March is a Fenland market town and was the county town of the Isle of Ely from 1889 to 1965. The town grew by becoming an important railway centre. Like many Fenland towns, March was once an island surrounded by marshes and occupied the second largest "island" in the Great Level. March is situated on the banks of the old course of the navigable River Nene, and today mainly used by pleasure boats. Modern March lies on the course of the Fen Causeway, a Roman road, and there is evidence of Roman settlements in the area.
St Wendreda's Church - Just opposite the entrance to Spire View
St Wendreda, to whom the church is dedicated, is the town's own saint and the only known church dedication to this saint is here. She is celebrated on 22nd January. She was a daughter of the 7th-century Anglo-Saxon King Anna of East Anglia (killed 654) one of the first Christian Kings of the kingdom of East Anglia.
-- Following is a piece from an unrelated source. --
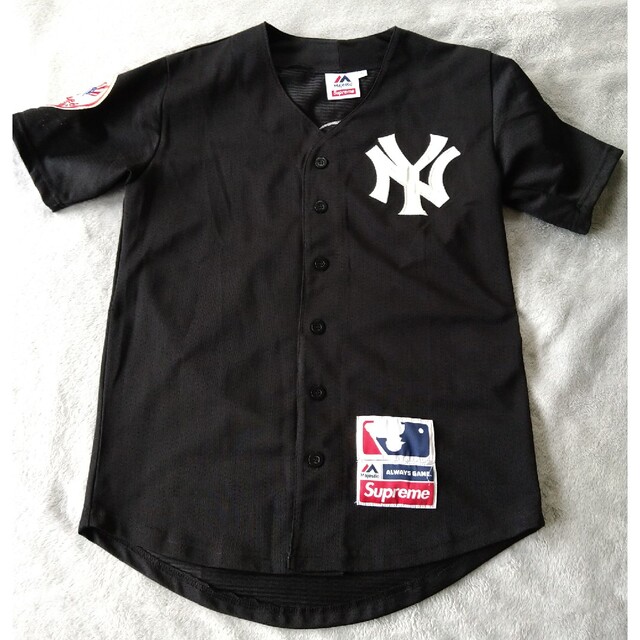新価格【美品】メッシュベースボールシャツ スポーツ/アウトドアの野球(ウェア)の商品写真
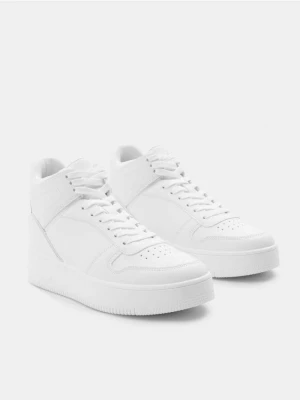 Sinsay - Sneakersy - biały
Two of her sisters, Etheldreda and Sexburgha, who were the abbesses of Ely and Minster-in-Sheppey respectively, are better known saints.
The saint's relics were enshrined in gold in Ely Cathedral, until in 1016 they were carried off to battle in the hope they would bring victory to Edmund Ironside, the son of King Ethelred. But at the Battle of Ashingdon the army of King Canute captured the relics and he presented them to Canterbury Cathedral. In 1343 the relics were returned to March, but their final resting place is unknown.
The church is known for its magnificent double-hammer beam roof and together with 120 carved angels it is regarded as one of the best of its kind and John Betjeman described the church as "worth cycling 40 miles in a head wind to see".